The M-step update is:

\[\hat{n}_j = \sum_{t=1}^n p(j|t)\] \[\hat{p}_j = {\hat{n}_j\over n}\] \[\hat{\mu^{(j)}} = {1\over{\hat{n}_j}}\sum_{t=1}^n p(j|t)x^{(t)}\] \[\hat{\sigma_j}^2 = {1\over d\hat{n}_j}\sum_{t=1}^n p(j|t)||x^{(t)} - \hat{\mu}^{(j)}||^2 \]

EM algorithm for matrix completion

We need to update our EM algorithm a bit to deal with the fact that the observations are no longer complete vectors.

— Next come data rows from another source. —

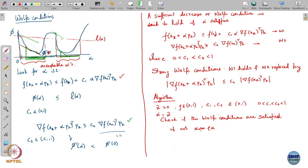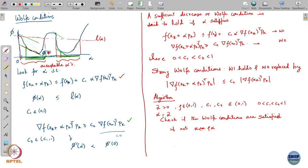If the Wolfe conditions are not satisfied, change α to ρ times α. So what you are doing is you start with a large enough α and then keep backtracking to see where the Wolfe conditions are satisfied. You can keep repeating this until eventually the Wolfe conditions are satisfied.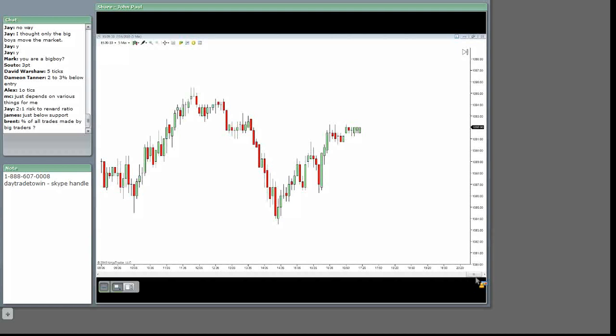Because psychologically, we think what do we think? We think that the actual trade is going to fail us if it goes beyond that whole number.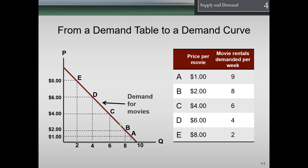Let's think about this in terms of a graph and a chart, then we'll talk about individual demand curves and how to graph them, and how to build what the complete market demand curve looks like. Here we have a table where point A has a price of $1 — that's nine movie rentals demanded per week. Point B at $2 gives us eight rentals.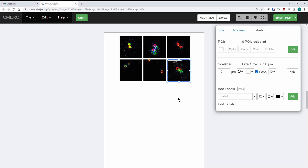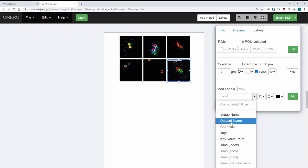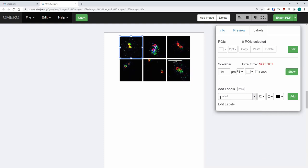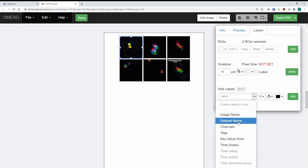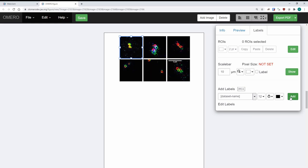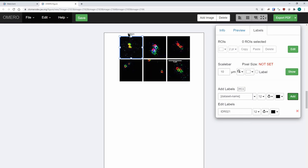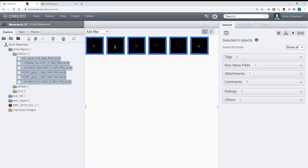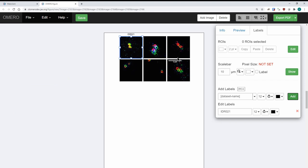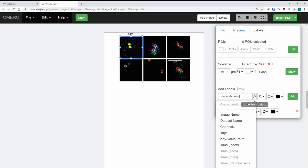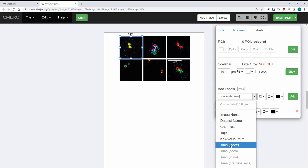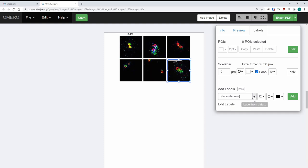There are a few more things you can do in terms of labeling images. You can create labels based on, for example, the dataset name. Let me choose a different image — I'll select 'Dataset Name,' press Add, and it's going to add the dataset name there. If you go back to the main Omero window you're going to see that that's the name of the dataset. So if you have metadata on your images, there's a lot of stuff you can do here — for example, channels, key-value pairs, time, and so on. I will test key-value pairs so you can see.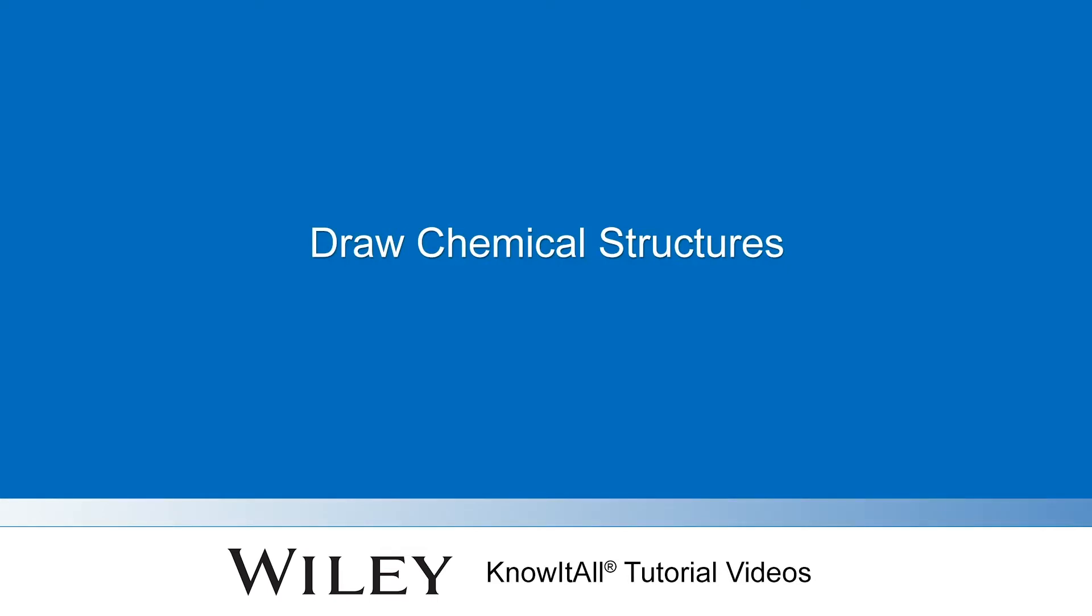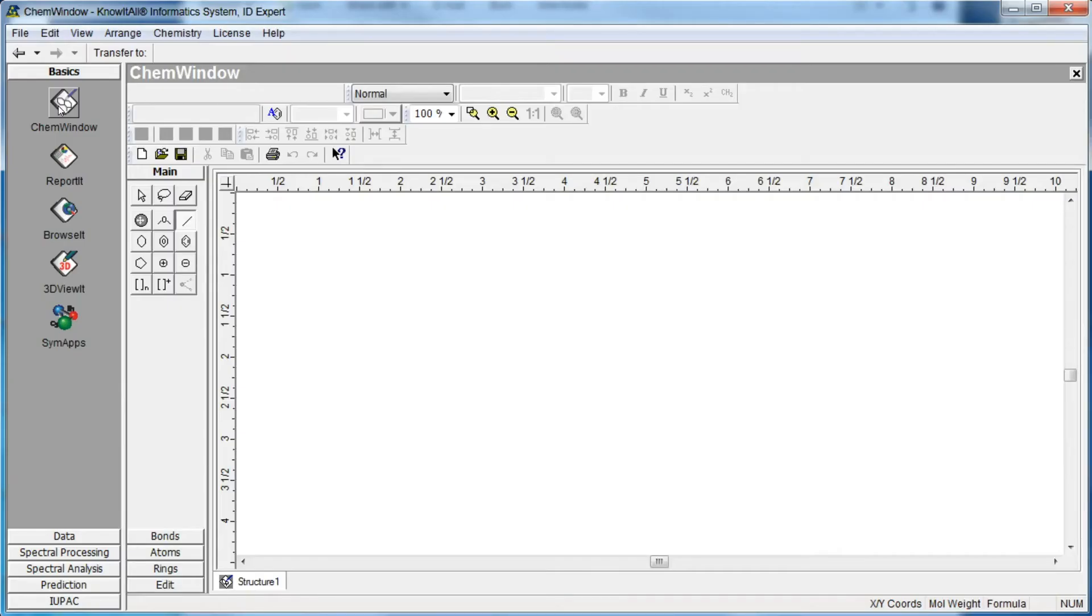Welcome to a demonstration of how to draw a chemical structure using the Know-It-All informatics system. The application opens to a blank drawing.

We use Bayes’ rule to find an updated expression for the posterior probability $p(j|u) = P(y=j|x_{C_u}^{(u)})$ :

\[p(j|u) = {p(u|j).p(j)\over p(u)} = {p(u|j).p(j)\over \sum_{j=1}^K p(u|j).p(j)}\] \[= {\pi_jN(x_{C_u}^{(u)};\mu_{C_u}^{(u)},\sigma_j^2I_{C_u*C_u}) \over \sum_{j=1}^K \pi_jN(x_{C_u}^{(u)};\mu_{C_u}^{(j)},\sigma_j^2I_{|C_u|*|C_u|})}\]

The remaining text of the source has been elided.